20. The computer program according to claim 19, wherein said computer program is stored on a computer readable medium.

21. The computer program according to claim 20, wherein said computer readable medium is a removable memory card.

22. The computer program according to claim 20, wherein said computer readable medium is a magnetic or an optical disk.

23. A computer program comprising code adapted to perform the following steps when executed on a data-processing system: setting-up a management session between an electronic device and a server; providing a location for a deployment component to said electronic device; providing a target state for said deployment component to said electronic device; and issuing an execution request associated with a management object referring to downloading of said deployment component.

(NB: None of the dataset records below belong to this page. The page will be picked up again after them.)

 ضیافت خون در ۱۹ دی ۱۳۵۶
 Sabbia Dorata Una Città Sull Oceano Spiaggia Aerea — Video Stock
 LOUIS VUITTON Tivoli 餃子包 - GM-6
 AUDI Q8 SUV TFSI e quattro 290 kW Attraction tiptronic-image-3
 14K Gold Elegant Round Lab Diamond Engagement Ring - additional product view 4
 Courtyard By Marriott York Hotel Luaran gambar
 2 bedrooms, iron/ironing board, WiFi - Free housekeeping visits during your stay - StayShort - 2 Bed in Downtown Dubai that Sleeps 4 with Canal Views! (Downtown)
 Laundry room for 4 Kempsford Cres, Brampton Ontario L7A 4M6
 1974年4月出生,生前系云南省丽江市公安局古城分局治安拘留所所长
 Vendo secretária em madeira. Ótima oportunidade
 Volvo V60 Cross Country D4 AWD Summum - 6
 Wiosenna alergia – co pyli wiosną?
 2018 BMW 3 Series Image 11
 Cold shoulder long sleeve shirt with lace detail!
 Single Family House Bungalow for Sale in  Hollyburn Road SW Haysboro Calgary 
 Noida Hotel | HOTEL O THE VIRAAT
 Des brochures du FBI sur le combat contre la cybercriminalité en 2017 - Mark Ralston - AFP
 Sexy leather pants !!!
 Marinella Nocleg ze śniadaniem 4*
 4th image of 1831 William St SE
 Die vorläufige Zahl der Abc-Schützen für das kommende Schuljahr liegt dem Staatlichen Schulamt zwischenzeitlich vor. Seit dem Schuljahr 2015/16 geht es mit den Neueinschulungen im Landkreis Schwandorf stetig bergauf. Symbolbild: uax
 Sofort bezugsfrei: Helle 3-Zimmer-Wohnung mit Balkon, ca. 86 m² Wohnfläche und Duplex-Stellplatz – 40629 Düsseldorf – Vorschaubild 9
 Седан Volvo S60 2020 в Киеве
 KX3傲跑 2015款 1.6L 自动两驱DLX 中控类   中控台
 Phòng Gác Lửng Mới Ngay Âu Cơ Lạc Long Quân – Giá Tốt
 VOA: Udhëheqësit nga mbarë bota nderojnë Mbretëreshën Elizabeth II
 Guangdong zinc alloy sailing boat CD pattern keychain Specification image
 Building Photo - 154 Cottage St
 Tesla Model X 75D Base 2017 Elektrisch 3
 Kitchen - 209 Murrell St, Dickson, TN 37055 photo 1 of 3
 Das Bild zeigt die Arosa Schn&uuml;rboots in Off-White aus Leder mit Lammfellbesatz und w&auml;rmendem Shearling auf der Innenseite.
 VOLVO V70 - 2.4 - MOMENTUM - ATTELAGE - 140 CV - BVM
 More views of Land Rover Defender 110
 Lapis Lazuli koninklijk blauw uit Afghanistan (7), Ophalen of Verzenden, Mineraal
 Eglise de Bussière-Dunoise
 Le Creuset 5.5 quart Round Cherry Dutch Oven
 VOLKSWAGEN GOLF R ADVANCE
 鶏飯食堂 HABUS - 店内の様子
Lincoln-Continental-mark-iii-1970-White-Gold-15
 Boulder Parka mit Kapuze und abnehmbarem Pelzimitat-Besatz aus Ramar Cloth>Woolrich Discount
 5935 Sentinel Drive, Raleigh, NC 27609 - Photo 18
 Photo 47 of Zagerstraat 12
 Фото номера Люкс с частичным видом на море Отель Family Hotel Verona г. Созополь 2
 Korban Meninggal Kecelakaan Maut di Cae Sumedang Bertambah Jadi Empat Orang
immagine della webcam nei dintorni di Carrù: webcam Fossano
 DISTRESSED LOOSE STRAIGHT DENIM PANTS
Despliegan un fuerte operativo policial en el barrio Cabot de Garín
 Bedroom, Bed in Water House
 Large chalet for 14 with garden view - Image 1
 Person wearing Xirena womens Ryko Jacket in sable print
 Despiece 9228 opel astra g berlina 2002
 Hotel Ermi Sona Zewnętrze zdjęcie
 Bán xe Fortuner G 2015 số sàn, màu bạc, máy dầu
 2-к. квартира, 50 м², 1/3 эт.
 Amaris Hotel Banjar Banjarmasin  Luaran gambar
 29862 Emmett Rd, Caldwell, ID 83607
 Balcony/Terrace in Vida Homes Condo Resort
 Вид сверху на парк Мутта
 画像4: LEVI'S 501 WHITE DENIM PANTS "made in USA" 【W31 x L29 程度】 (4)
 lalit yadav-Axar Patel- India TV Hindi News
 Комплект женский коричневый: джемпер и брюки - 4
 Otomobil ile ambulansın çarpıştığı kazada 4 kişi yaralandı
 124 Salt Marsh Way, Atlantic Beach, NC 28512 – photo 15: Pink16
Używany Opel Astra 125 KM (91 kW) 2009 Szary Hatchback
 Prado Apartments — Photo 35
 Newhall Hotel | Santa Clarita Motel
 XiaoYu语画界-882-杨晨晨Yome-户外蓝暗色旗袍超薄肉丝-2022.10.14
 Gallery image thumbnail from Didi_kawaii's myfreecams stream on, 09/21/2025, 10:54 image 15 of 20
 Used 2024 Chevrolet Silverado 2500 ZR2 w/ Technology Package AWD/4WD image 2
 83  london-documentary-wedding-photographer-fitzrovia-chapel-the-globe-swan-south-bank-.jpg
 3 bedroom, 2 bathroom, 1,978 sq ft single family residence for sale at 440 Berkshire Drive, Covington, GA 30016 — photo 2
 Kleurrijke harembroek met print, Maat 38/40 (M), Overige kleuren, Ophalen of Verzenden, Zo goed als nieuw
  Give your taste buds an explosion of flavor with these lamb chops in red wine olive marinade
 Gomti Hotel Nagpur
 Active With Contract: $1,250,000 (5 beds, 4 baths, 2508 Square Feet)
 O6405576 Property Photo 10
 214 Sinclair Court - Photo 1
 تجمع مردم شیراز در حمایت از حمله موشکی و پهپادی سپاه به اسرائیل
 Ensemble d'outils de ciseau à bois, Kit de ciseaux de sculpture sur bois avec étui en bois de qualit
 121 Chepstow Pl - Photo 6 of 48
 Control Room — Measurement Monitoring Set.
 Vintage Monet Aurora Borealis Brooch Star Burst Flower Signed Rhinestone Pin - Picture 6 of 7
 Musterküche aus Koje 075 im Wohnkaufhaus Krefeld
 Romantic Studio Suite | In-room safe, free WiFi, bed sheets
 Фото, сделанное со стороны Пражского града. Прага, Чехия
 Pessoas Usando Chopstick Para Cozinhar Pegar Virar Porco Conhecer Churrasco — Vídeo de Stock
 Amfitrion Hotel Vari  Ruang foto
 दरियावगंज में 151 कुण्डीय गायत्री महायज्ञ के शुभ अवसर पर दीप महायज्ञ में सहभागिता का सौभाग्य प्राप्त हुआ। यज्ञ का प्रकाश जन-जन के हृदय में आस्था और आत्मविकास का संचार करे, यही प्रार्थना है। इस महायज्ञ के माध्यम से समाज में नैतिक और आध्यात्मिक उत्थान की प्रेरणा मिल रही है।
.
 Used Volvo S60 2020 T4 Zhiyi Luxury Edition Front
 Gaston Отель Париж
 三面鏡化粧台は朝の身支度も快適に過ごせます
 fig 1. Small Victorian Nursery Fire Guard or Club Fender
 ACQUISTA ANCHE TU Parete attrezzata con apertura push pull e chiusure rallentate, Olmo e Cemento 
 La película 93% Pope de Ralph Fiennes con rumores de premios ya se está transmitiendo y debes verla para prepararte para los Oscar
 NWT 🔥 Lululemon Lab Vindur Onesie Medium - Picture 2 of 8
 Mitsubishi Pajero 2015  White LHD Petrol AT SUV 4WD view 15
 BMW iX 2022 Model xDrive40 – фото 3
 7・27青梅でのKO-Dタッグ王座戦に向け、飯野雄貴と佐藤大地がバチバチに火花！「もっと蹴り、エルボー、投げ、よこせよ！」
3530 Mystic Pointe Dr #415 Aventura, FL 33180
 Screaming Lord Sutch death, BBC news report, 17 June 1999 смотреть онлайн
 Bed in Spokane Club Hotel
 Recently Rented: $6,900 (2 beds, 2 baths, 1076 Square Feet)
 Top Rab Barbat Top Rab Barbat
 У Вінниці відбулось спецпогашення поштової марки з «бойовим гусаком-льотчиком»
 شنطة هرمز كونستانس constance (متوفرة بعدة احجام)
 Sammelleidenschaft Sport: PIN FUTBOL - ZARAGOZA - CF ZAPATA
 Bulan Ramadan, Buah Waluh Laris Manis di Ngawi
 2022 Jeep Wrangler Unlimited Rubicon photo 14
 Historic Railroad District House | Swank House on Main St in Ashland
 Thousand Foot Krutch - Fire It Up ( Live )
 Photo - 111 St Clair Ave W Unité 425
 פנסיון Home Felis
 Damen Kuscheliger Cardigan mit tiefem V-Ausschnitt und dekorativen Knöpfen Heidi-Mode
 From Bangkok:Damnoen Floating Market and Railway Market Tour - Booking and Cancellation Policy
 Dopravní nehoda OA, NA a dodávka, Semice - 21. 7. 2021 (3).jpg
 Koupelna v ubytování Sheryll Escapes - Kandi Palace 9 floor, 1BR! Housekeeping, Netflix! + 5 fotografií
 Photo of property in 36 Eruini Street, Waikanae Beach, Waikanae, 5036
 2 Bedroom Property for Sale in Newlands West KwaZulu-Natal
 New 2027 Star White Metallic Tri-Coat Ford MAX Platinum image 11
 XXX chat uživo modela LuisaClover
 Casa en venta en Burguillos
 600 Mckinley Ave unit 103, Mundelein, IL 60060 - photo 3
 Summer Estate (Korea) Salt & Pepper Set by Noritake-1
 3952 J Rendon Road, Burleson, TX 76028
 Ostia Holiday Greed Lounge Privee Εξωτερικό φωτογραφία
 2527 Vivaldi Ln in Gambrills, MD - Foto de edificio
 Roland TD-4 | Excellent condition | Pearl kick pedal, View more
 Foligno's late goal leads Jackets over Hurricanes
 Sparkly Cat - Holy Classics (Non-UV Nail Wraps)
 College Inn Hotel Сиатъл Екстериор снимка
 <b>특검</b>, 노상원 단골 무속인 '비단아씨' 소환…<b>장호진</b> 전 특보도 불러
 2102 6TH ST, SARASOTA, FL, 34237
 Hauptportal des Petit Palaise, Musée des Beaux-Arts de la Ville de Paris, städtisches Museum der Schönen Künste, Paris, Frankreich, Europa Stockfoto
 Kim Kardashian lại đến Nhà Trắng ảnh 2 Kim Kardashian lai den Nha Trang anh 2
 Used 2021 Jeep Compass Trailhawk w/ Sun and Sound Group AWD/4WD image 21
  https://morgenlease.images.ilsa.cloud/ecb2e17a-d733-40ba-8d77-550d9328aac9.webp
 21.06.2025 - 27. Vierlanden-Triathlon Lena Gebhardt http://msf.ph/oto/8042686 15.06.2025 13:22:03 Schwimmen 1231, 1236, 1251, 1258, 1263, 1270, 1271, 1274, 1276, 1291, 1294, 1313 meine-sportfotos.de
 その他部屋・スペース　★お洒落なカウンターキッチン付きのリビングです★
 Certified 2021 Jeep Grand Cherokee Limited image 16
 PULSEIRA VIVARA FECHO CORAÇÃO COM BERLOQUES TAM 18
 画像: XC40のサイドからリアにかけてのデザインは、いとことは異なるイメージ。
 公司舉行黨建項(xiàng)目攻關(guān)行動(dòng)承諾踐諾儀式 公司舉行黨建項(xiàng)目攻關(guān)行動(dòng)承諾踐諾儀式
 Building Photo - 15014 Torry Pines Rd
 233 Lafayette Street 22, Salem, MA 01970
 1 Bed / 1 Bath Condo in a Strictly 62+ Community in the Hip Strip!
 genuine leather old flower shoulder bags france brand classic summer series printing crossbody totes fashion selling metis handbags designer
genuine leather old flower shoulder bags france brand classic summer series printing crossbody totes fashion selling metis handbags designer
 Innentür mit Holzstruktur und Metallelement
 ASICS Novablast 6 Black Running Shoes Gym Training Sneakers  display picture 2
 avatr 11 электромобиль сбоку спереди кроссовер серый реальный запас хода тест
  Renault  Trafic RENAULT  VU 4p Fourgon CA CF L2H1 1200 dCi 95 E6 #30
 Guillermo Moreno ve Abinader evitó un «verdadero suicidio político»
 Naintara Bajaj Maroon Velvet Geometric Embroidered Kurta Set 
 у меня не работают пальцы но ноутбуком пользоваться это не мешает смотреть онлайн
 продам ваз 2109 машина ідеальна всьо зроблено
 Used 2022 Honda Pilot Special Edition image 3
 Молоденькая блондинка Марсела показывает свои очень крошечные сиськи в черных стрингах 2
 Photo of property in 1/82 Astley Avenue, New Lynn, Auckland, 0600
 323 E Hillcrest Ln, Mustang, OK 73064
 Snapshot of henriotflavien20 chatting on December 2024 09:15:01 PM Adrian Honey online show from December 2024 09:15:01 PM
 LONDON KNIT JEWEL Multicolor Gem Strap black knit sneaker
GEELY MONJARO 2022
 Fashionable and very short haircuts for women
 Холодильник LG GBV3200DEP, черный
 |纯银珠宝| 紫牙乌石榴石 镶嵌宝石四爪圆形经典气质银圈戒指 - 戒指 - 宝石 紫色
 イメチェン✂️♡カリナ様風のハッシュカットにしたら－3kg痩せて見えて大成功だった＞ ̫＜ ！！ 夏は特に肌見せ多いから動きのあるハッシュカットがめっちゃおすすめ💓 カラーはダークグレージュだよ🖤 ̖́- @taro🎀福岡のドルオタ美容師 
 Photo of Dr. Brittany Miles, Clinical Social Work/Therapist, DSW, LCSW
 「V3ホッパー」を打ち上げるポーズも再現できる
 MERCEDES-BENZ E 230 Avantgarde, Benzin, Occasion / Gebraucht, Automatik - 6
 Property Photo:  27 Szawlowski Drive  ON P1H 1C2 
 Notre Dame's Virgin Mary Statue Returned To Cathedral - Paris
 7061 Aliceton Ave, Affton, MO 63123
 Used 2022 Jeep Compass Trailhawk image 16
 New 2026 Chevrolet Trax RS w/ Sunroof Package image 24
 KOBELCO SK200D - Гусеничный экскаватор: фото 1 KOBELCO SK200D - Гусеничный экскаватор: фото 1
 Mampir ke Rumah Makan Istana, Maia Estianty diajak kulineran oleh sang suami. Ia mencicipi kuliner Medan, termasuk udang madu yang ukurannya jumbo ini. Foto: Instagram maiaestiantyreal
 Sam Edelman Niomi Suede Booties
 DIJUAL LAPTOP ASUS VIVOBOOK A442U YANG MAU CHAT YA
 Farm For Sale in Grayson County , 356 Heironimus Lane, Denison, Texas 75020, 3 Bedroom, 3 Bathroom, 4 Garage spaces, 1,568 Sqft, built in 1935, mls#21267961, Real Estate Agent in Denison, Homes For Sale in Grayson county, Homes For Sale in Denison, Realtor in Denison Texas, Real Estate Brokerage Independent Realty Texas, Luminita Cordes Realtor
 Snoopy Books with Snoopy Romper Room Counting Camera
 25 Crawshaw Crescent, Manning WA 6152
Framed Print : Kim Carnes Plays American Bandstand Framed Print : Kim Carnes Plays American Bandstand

24. The computer program according to claim 23, wherein said computer program is stored on a computer readable medium.

25. The computer program according to claim 24, wherein said computer readable medium is a removable memory card.

26. The computer program according to claim 24, wherein said computer readable medium is a magnetic or an optical disk.

27. A computer program comprising code adapted to perform the following steps when executed on a data-processing system: setting-up a management session to a server; receive a location for a deployment component from said server; receiving a target state for the deployment component from said server; downloading said deployment component from said location; and determining a place for a management object representing said deployment component in a management object data structure based on said target state.

28. The computer program according to claim 27, wherein said computer program is stored on a computer readable medium.

29. The computer program according to claim 28, wherein said computer readable medium is a removable memory card.

30. The computer program according to claim 28, wherein said computer readable medium is a magnetic or an optical disk.